### DATA TO PROCESS
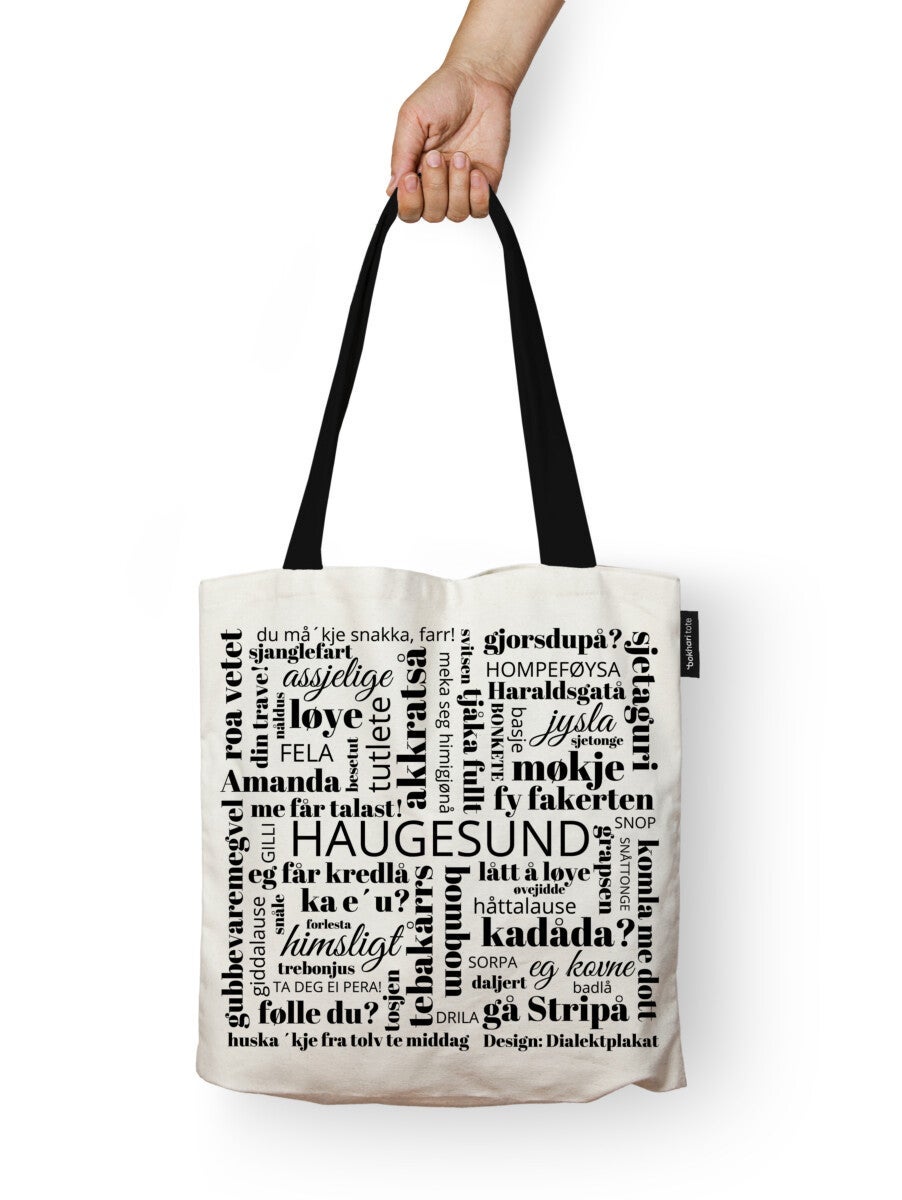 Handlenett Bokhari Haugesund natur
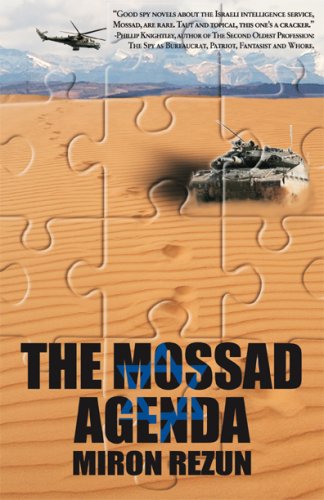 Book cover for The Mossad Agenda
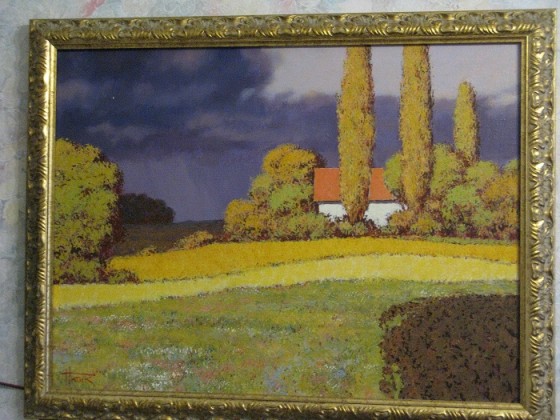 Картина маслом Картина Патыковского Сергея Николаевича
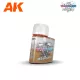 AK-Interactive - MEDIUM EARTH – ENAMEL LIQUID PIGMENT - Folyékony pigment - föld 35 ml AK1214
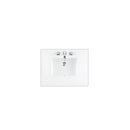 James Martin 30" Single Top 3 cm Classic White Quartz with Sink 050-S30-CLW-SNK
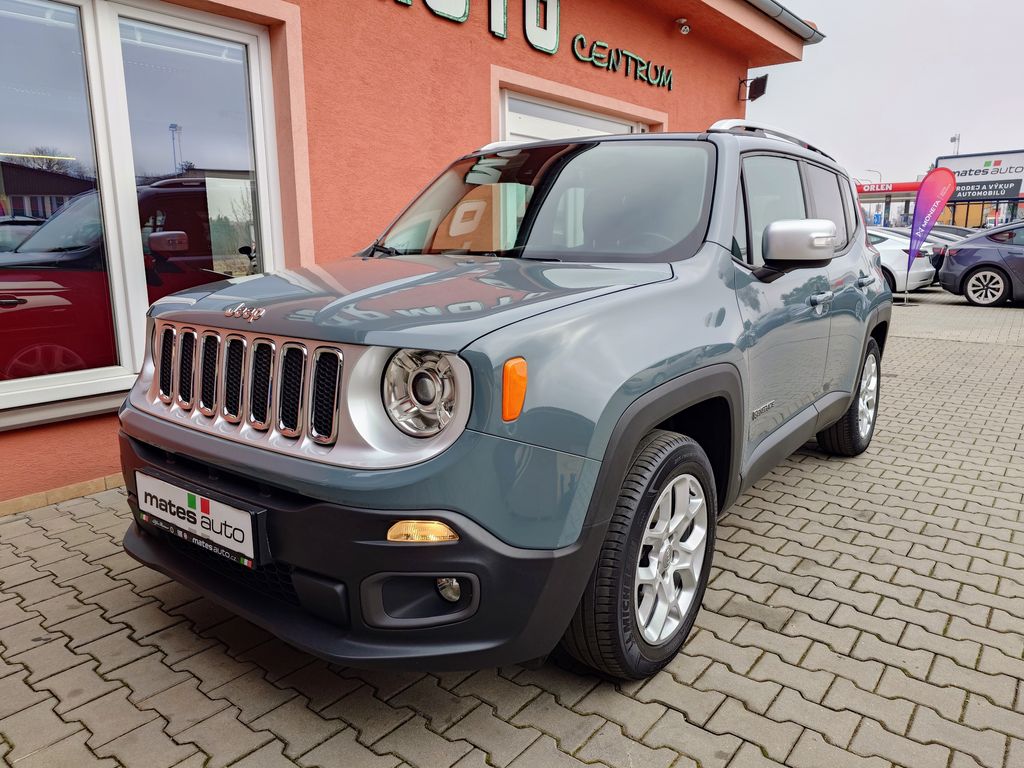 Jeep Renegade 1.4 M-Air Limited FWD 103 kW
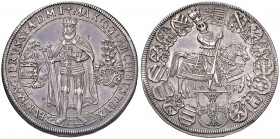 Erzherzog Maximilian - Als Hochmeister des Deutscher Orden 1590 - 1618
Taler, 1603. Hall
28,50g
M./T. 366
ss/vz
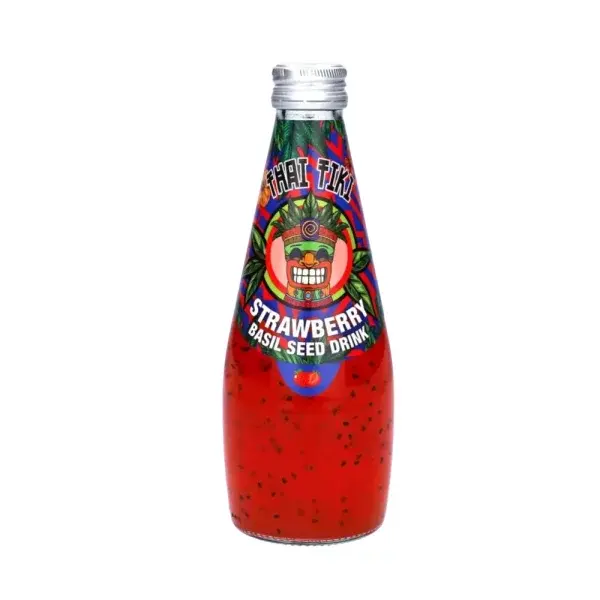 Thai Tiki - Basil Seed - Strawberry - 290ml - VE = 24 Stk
######
### DATA TO PROCESS
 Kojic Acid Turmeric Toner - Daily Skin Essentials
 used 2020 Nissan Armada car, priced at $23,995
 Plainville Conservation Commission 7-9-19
######
### DATA TO PROCESS
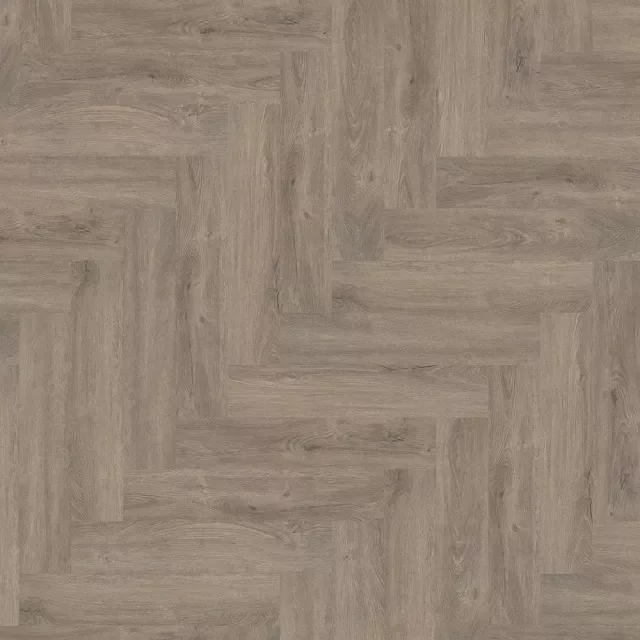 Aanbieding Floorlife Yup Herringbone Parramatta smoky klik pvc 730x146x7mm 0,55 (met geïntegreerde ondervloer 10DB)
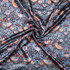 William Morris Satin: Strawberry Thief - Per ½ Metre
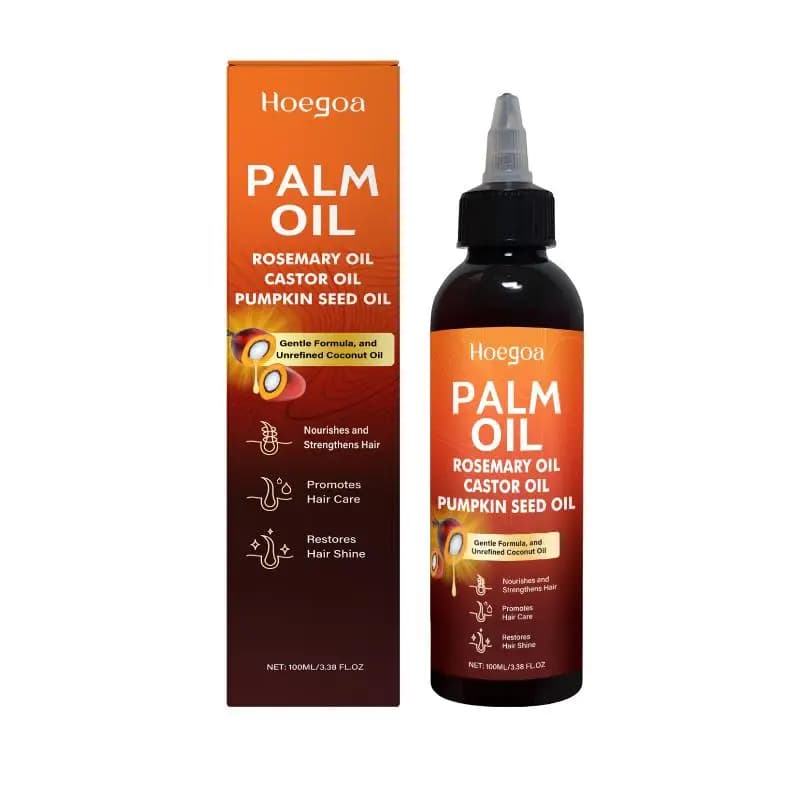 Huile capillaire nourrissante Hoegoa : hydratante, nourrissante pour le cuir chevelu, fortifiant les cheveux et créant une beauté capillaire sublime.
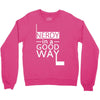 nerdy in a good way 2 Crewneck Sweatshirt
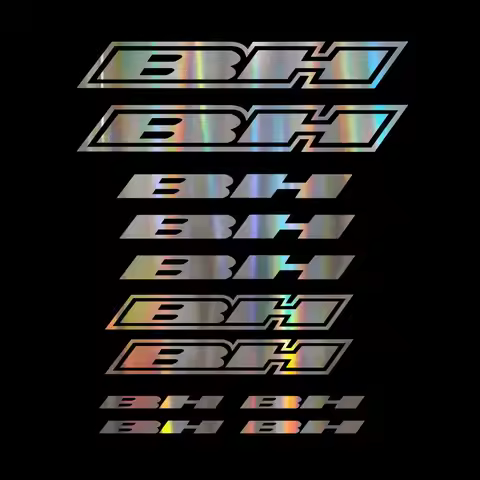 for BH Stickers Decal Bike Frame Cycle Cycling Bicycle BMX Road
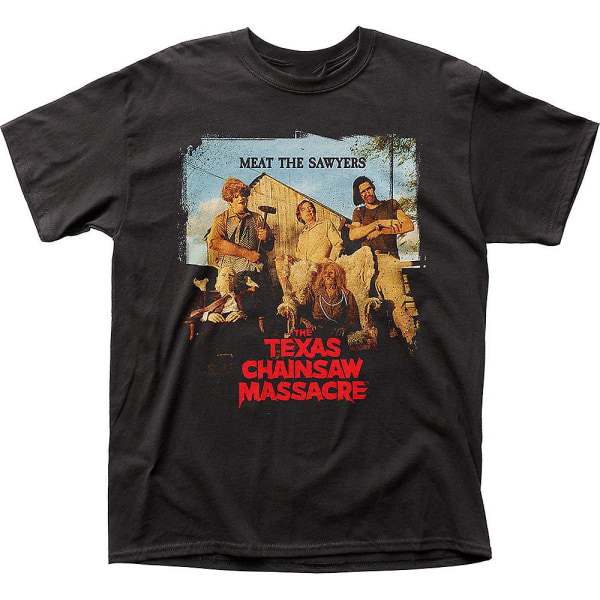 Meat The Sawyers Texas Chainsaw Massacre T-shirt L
######
### WHAT NEEDS TO BE DONE
The required output is the stretch of entries above from the line containing "Kojic Acid Turmeric" through the line containing "Plainville Conservation Commission 7-9-19", reproduced exactly.

### RESULT
 Kojic Acid Turmeric Toner - Daily Skin Essentials
 used 2020 Nissan Armada car, priced at $23,995
 Plainville Conservation Commission 7-9-19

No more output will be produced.